Tamara pats him on the shoulder. “Don’t worry, Lincoln,” she says. “There were two sentries and both of them are down.”
“Status?” True whispers.
No cry of alarm has greeted her arrival. She crouches in the two-meter-wide space between the wall and a parked truck. A glance up shows her the cut canopy flapping and Rohan’s looming silhouette, the muzzle of his Fortuna a spike against the night sky’s dusty blur.
“Sentries are down,” Lincoln says. He doesn’t sound sure, though. “Tamara says they are,” he amends. “I’m waiting on confirmation.”
Blackbird rumbles in the distance and two more shots sizzle through the air, hitting targets somewhere in the back of the courtyard.
True moves out, staying low, using the truck for shelter as she approaches the house, her KO ready. Rohan drops from the wall, lands behind her with a soft thump. She reaches the truck’s bumper, pauses there to peer at the house.
The windows on this side are two vertical slits. Faint white light seeps through them. Tall potted shrubs flank the front door. Between them, a sprawled body.
The mayfly would have gone for the face, delivering its cargo of neurotoxin with machine speed, its whip tail curling, jabbing a barb through clothing if necessary and into flesh, dropping its target in seconds.
“Door guard confirmed down,” she whispers.
Rohan has moved in the opposite direction. “Confirming—”
A harsh buzz interrupts him. True’s visor highlights a streak of motion, racing through the air alongside the wall, coming straight toward her. No time to think, but she thinks anyway. She thinks, I don’t want to make noise. Then her brain registers a bleating alarm from within the house, a signal that they are done with stealth. Violence of action is all they have left.

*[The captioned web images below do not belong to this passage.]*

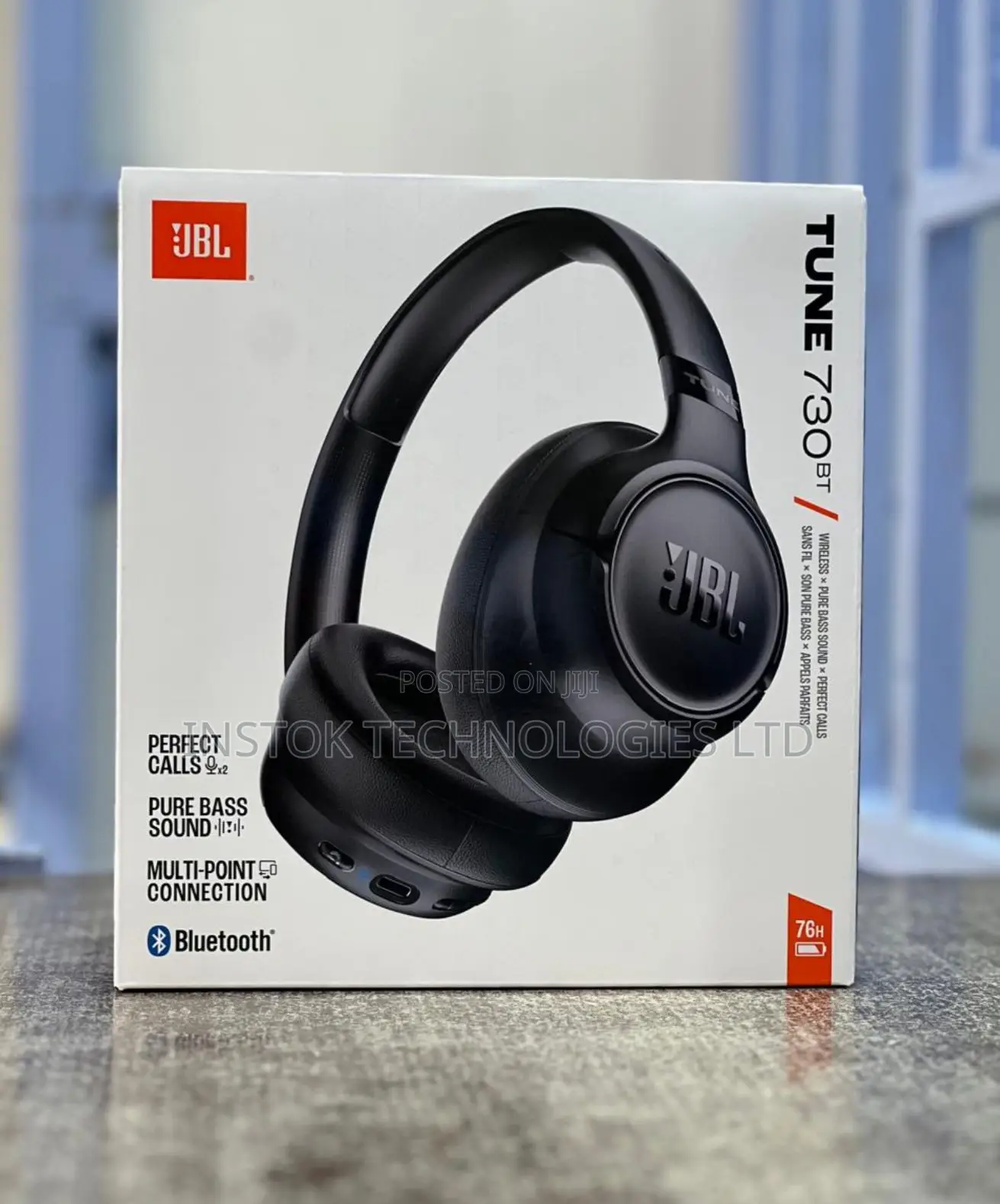 JBL Tune 730bt Wireless Over-Ear Headphones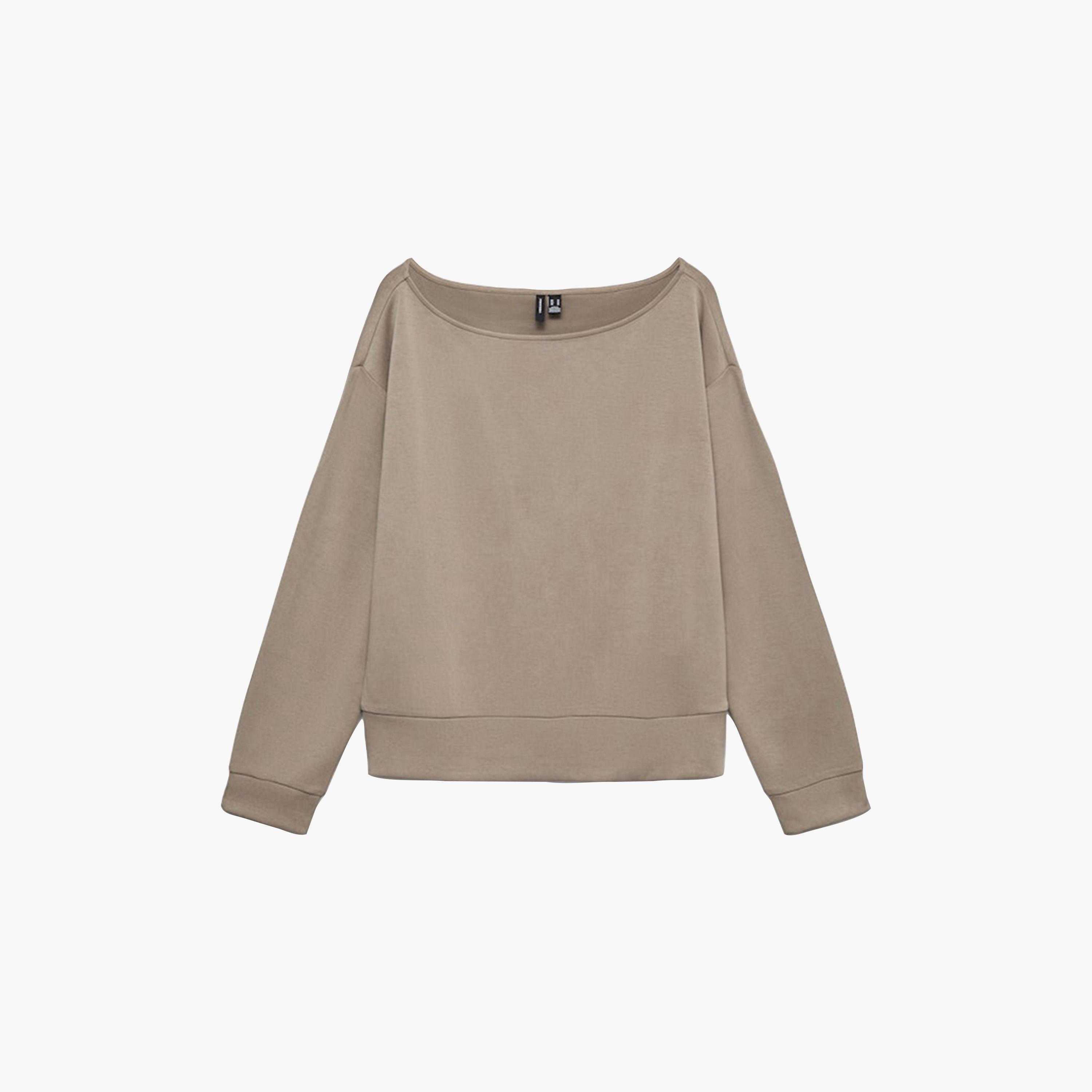 بلوزة نسائية بأكمام "دروب شولدر" منسدلة وياقة "بوت نيك" من فيرو مودا-women-clothing-shirtsandblouses-blouses-image-6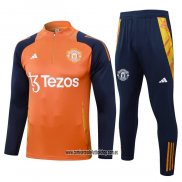 Chandal de Sudadera del Manchester United 24-25 Naranja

She targets the object racing toward her, hand sliding forward on the stock of her rifle. She finds the shotgun trigger—
Whatever it is, the thing in the air, it blows apart with a now-familiar pak!
Blackbird took out the threat before she could pull the trigger. “God damn it,” she swears, whispering despite the alarm. She would have had that one. She could have taken it out herself. The noise wouldn’t have mattered, because the damn alarm is still ringing.
She glances back to check on her team. Felice and Juliet are over the wall and moving up behind her. Even with her visor, True sees them only as suggestions of shadowy motion, but she can tell them apart because they’re tagged with names projected in faint red. Jameson drops next into the courtyard.
True says, “Felice, you ready?”
“On your word, ma’am.”
“Right behind you,” Rohan says.
A warning comes in from Lincoln: “Guard your fire as you advance. Only friendlies in the courtyard.”
“Juliet, you set?” True asks.
“Yes, ma’am.”
Juliet will stay back to provide cover, control the courtyard, and prepare for their exit.